Chand Kelvin was one of the actors who portrayed a transvestite in the movie. He wanted to show the other side of a transvestite: "It's a new experience, being a transvestite. However, that's just acting. Usually there is a judgment among the community that transvestites are scums of society. Only the movie 'Lawang Park' shows a different angle, namely how difficult it is to earn money. So I thought, transvestites should not be looked down upon".

==Plot==
The story is of a reliable young journalist named Angie (Angie Virgin) who is challenged to investigate mysterious events in Lawang Park. The event begins with the death of a transvestite, named Ningrum (Bobby Tience). Ningrum was killed while trying to escape a raid. He fled with his best friend, Cynthia (Olga Syahputra). After Ningrum's death, Cynthia began to experience strange events and occurrences and becomes a terror victim.
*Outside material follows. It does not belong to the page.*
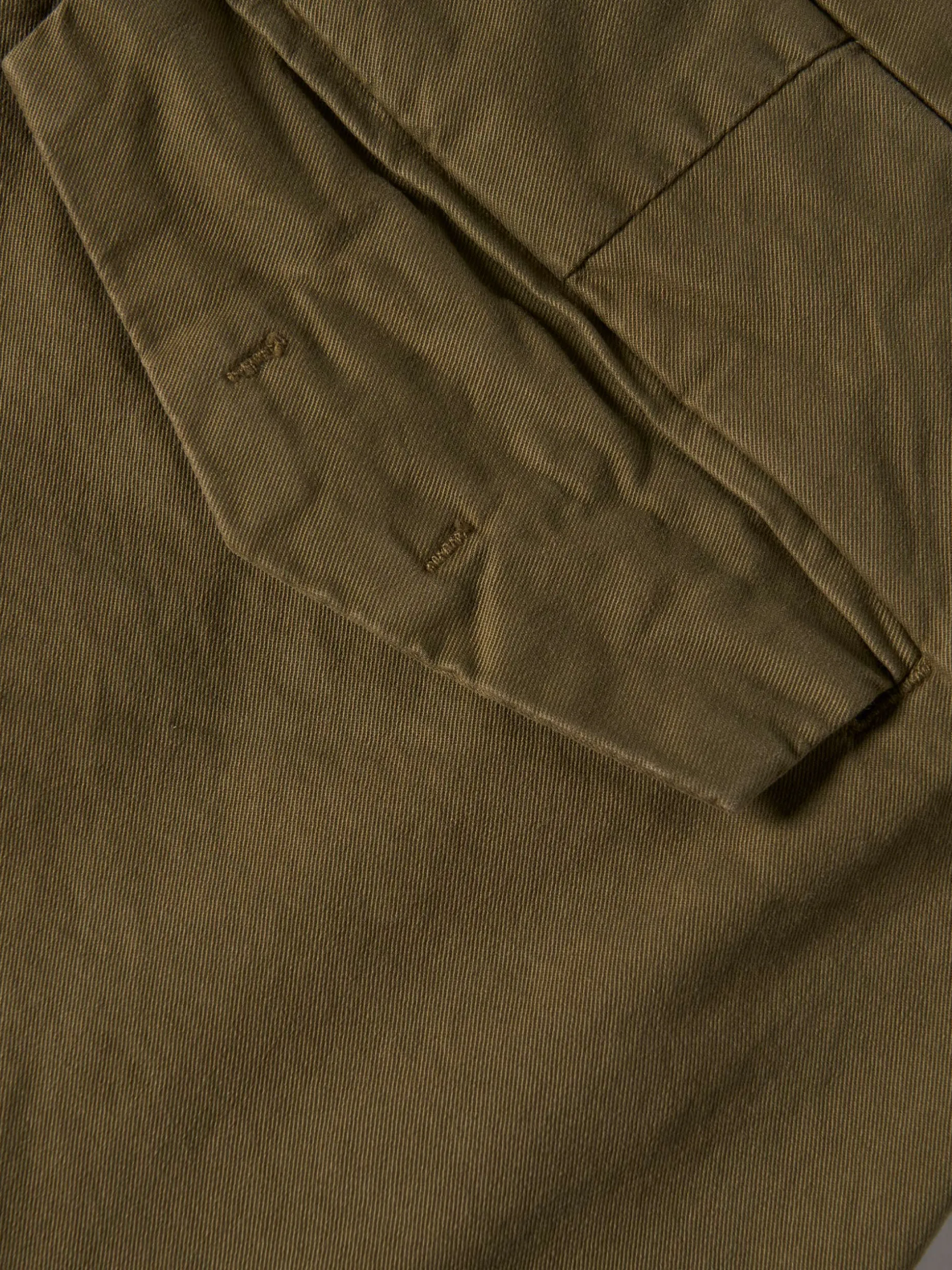 Calções bermuda com bolsos laterais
Cynthia feels Ningrum is angry because he could not help her when she falls into a river, and in the end, she dies. Reportedly, the figures of Ningrum and Cynthia often wander, and Angie continues to be haunted by their ghosts.

==Cast==
- Olga Syahputra as well as the protagonist named Cynthia and Producer.
- Nikita Mirzani
- Bobby Tience
- Ferry Irawan
- Angie Virgin
- Tarra Budiman
- Chand Kelvin
- Jony Billy
- Trans women of Lawang Park as cameo.